For months I was hooked on a particular wine from our local supermarket, so much so that I would buy a dozen bottles at a time. I was quite disappointed the last time I bought a dozen bottles because they were certainly not as drinkable as the ones I'd bought a couple of weeks before. So now when I find a wine I like I only buy a couple of bottles at a time.

One tip I was given, even with the cheaper wines. If the producer numbers their bottles individually then it's a sign that they have confidence in the quality. :wink:


----------



## teemyob (Nov 22, 2005)

*aldi*

Aldi has one of the top rated Red wines available.

Blind tested by Wine Buffs.

Came top 20

£3.59


----------



## teemyob (Nov 22, 2005)

*Re: aldi*



teemyob said:


> Aldi has one of the top rated Red wines available.
> 
> Blind tested by Wine Buffs.
> 
> ...


here


----------



## Penquin (Oct 15, 2007)

Wine also of course, changes markedly with time and not always for the better, some red wines improve in quality for 10 - 15 years and then decline, others reach their peak within a year or two.

Rosé wines around here are generally reckoned to be best drunk within six months of manufacture......
(and having tasted some rosé wines we have bought before I would agree with that - White Zinfandel shows that characteristic quite clearly.....  )
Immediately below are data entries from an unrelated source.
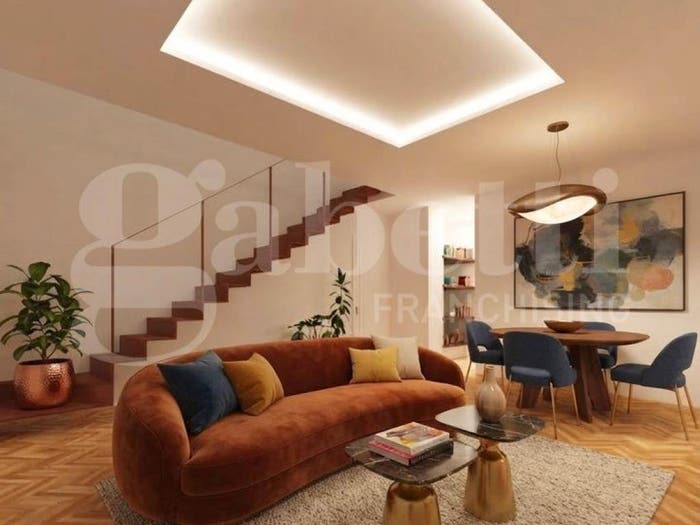 Appartamento quadrilocale in vendita in Via Ghiberti, Centro, Pontassieve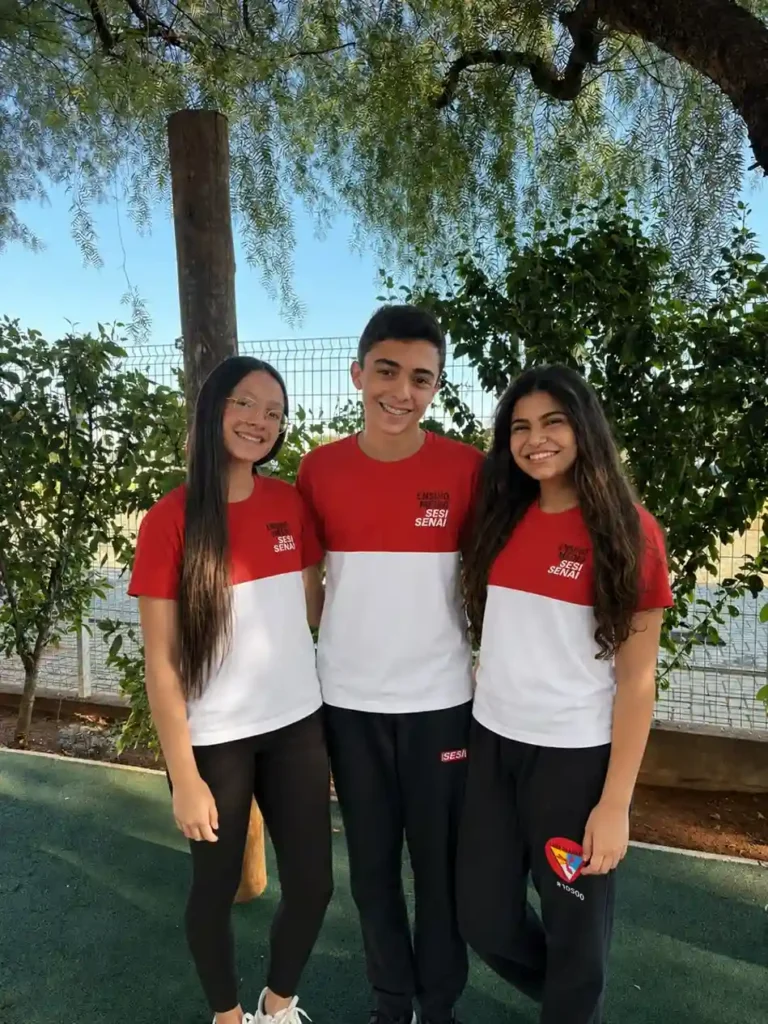 Três estudantes do SESI de Americana SP avançam para programa internacional ligado à NASA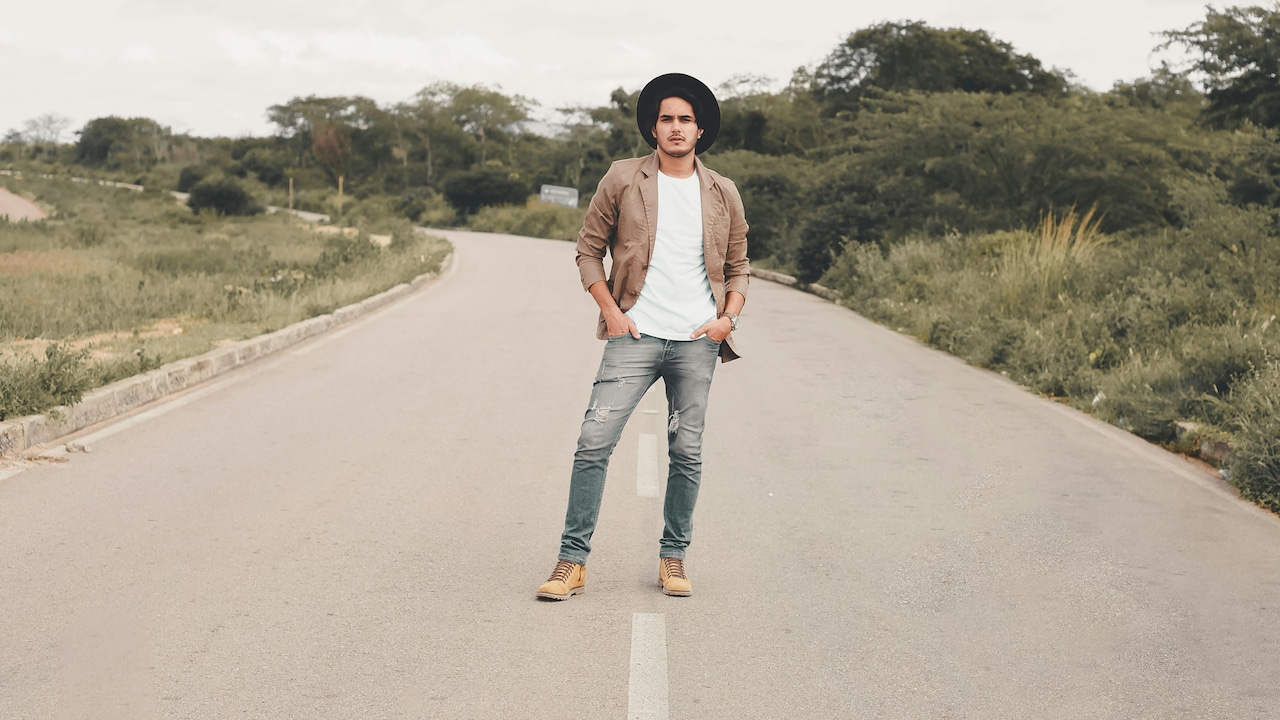 Myntra End Of Reason Sale: Min. 60% Off On Casuals For Men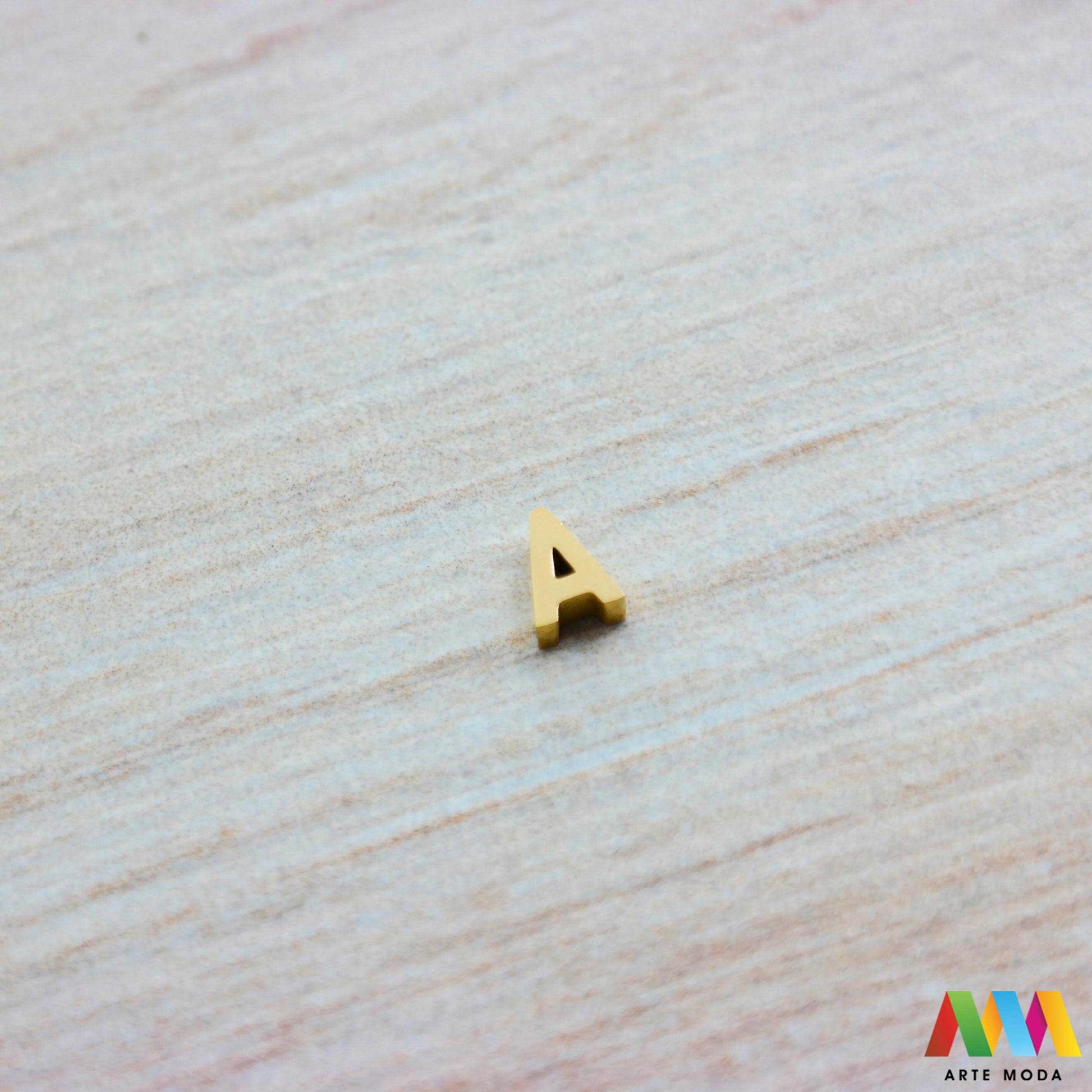 A slovo slova privjesak s jednom rupom privjesak od čelika privjesak čelik repromaterijal čelični ogrlice ogrlica narukvica narukvice nanožnica nehrđajući Slova izrađena od nehrđajućeg čelika 316L koja služe za izradu nakita poput narukvica ili ogrlica najčešće se koriste za nizanje na sajlu gumu flaks i ostale materijale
Bear that in mind if you are trying to buy wine to store for consumption later.........

Dave


----------



## Spacerunner (Mar 18, 2006)

Locals seemed to like Beau Manoir boxed red from Carrefour . 
Sd got a box and really liked its fruitineness . Same label but white also good.


----------



## Penquin (Oct 15, 2007)

@Spacerunner

You enjoyed it so much that you got two ...... :lol: :lol: :lol: 

but they are slightly different...... :lol: 

Dave


----------



## peejay (May 10, 2005)

I bought a few of those JP Chenet bottles the other day, must have had a bad batch as all the bottlenecks looked bent to me so I took them back for a refund.

:roll: 

Pete


----------



## Bob45 (Jan 22, 2007)

I am with those who recommend buying from local producers in France. In Provence we go to a wine producer and buy a box of their red which is lovely there and will travel back here as well.
To decide which one to buy we have a wine taste - most enjoyable.
Happy drinking but watch the units!

Bob


----------



## Spacerunner (Mar 18, 2006)

Locals seemed to like Beau Manoir box from Carrefour . Sd got a box and really liked its fruitineness . Same label but white also good.


----------



## lesanne (May 1, 2008)

Hi all, this if still available is falling over Rosie ,,we ,along with friends bought 40 cases of ,,,Zinfandel rose Called BAYWOOD. it has a black topped cork covered with wax, up untill 2wks ago this was available near where we live in the Vendee for 1.6 euros a bottle so smooth and strong ,you wouldn,t get a splinter in your bum if you slid down the bottle ,or stumbled ...check Liddel ,weve run out near us ,seen it in liddel in Bournemouth last week in a variety pack ,but 4 times the price ...regards Les


----------



## carpenter_pete (Nov 17, 2010)

If it has hotel or D,or on the lable its ok especialy in 5ltr lots.
I have years of experience on the subject, O and always try the wine cooperatives, Hic!!
Pete


----------